Key testimony could shape judge’s decision in Fani Willis removal fight

Takeaways from a telenovela-worthy hearing — and what it could mean

Over the course of an extraordinary two-day evidentiary hearing last week, the personal lives of Fulton County District Attorney Fani Willis and one of her top deputies were dissected in full public view.

A gaggle of defense attorneys, who collectively represented nine of the remaining 15 defendants in Willis’ marquee election interference case, took turns scrutinizing the past romantic relationship between Willis and special prosecutor Nathan Wade for evidence of impropriety.

Their goal was to convince Fulton Superior Court Judge Scott McAfee that the two prosecutors had a conflict of interest in the case that warranted removing the entire Fulton DA’s office from the prosecution.

The hearing frequently meandered into telenovela terrain, but there were several notable developments that could shape how McAfee ultimately rules on the matter.
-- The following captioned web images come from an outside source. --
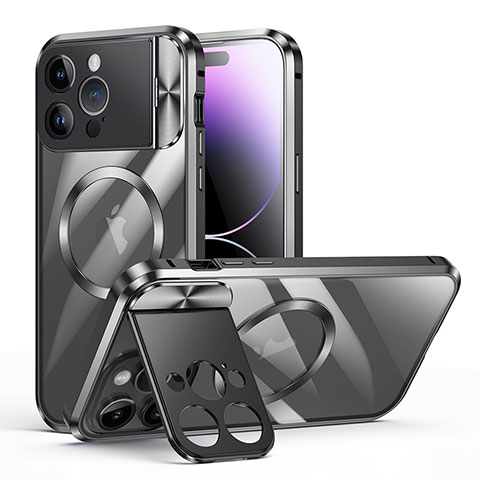 Apple iPhone 14 Pro Max用ケース 高級感 手触り良い メタル兼プラスチック バンパー Mag-Safe 磁気 Magnetic LK4 アップル ブラック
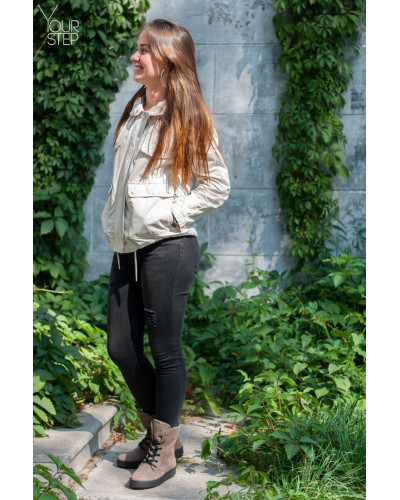 Ботинки из замши цвета капучино 12-6(Ls6)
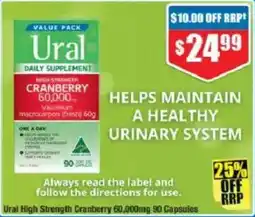 Chemist Warehouse Ural High Strength Cranberry 60,000mg offer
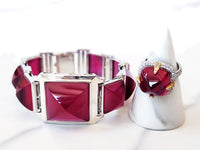 Sterling Silver Red Corundum Bracelet and Ring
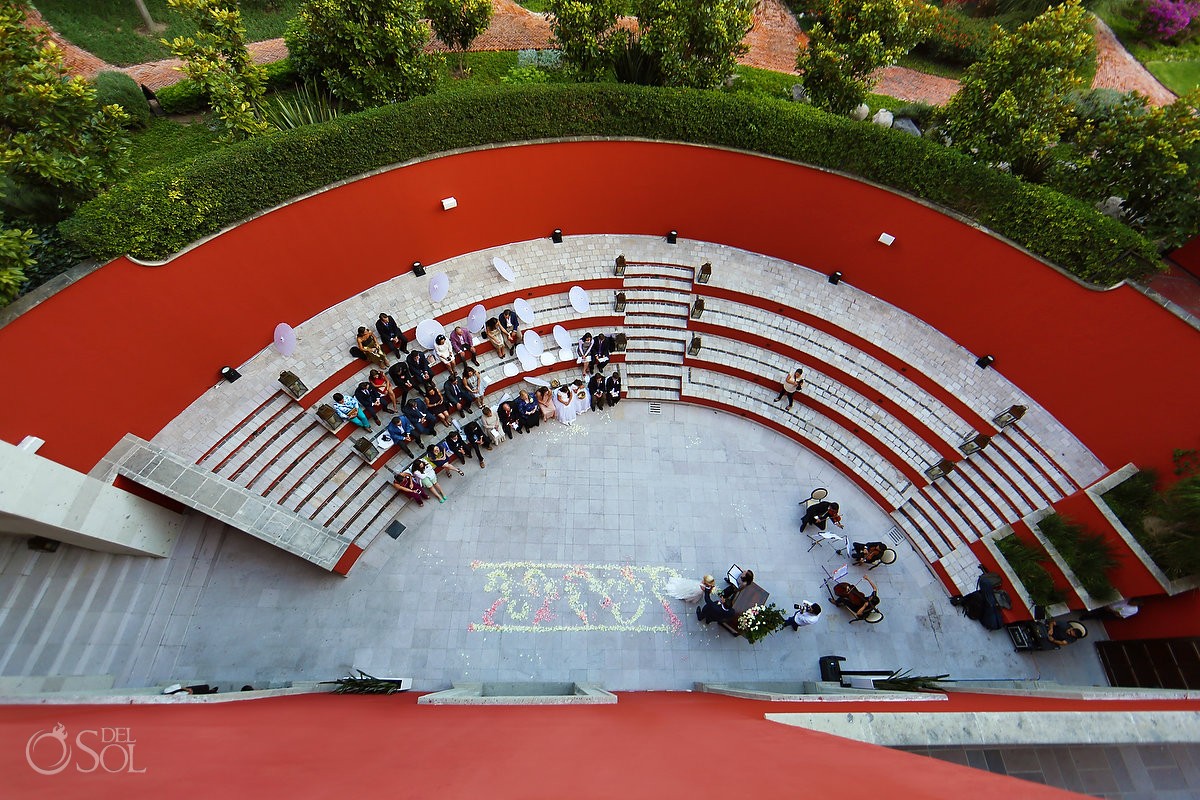 Amphitheater Rosewood Hotel San Miguel de Allende, Wedding ceremony areal view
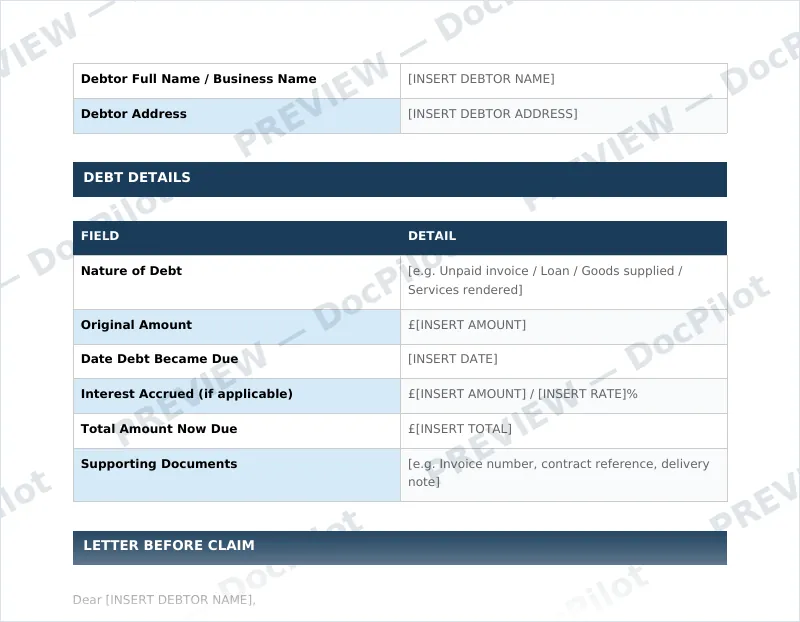 Preview of the top of page 2 of the DocPilot Scottish Debt Demand Letter (watermarked)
Willis and Wade’s word versus Yeartie’s

Willis and Wade each presented similar timelines in their testimony. Wade said their romantic relationship began “around March” 2022 —months after he was hired to work on the case — while the DA said “between February and April” of that year. That gels with the timeline Wade included in a sworn affidavit attached to a recent court filing from the DA’s office.
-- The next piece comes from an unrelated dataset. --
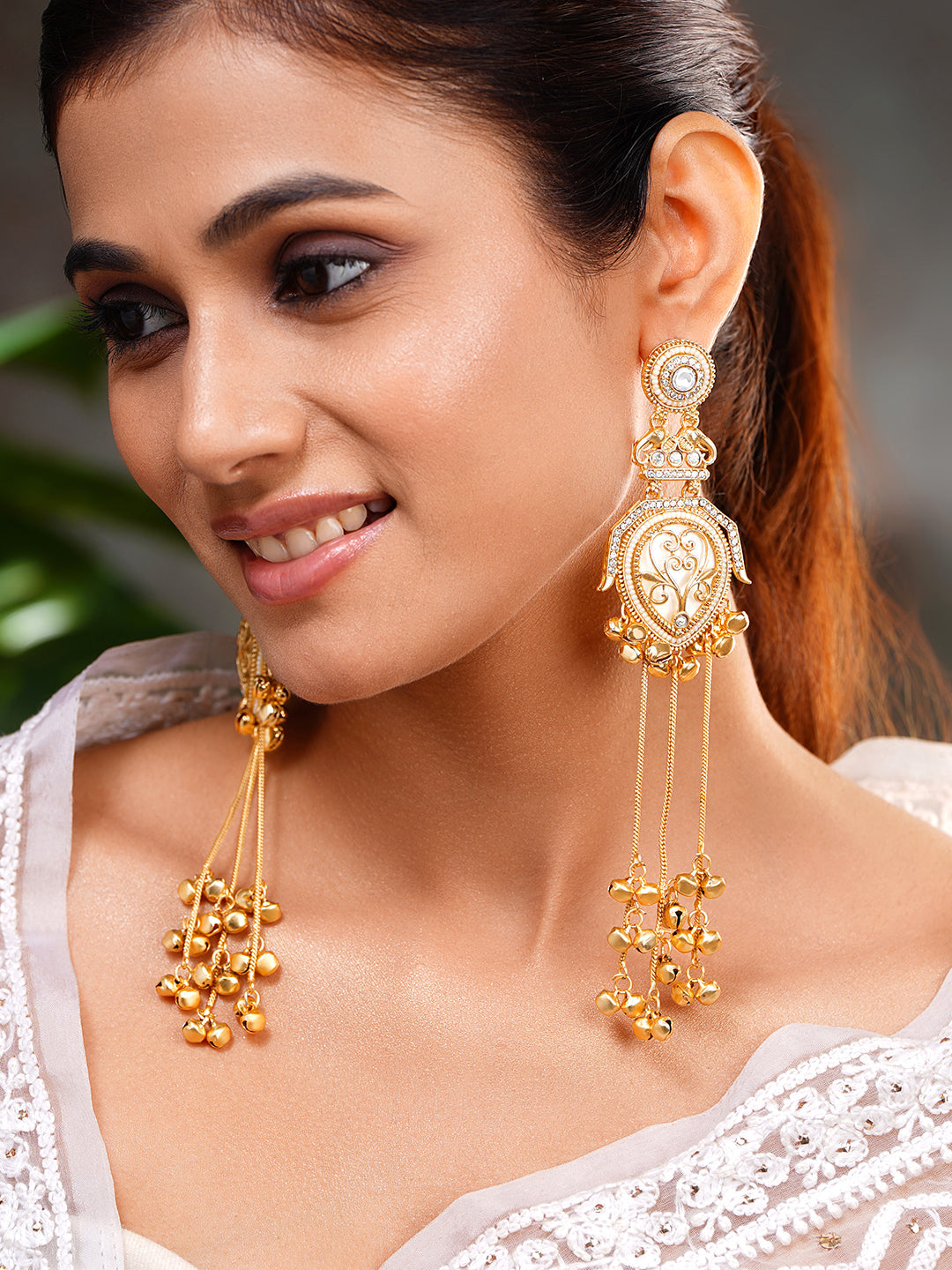 Gold Tone Ghungroo Tassel Dangler Earrings フリーサイズ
But that contradicted the testimony given earlier in the day from Robin Bryant Yeartie, a former friend of Willis’. Yeartie, who met Willis in college and briefly worked in the Fulton DA’s office, let Willis take over the lease on a condo she rented near Hapeville. Yeartie testified that she saw the couple hug, kiss and be affectionate not long after after they first met in 2019.

Pinning down the start date of the relationship is important for two reasons. First, if Willis was romantic with Wade before she hired him, it raises the prospect that she may have violated at least the spirit of anti-nepotism rules, though Fulton’s policy specifically focuses on family members. More importantly, if defense attorneys can prove that Willis or Wade lied in court documents it could constitute perjury and provide real incentive for McAfee to punish the DA’s office.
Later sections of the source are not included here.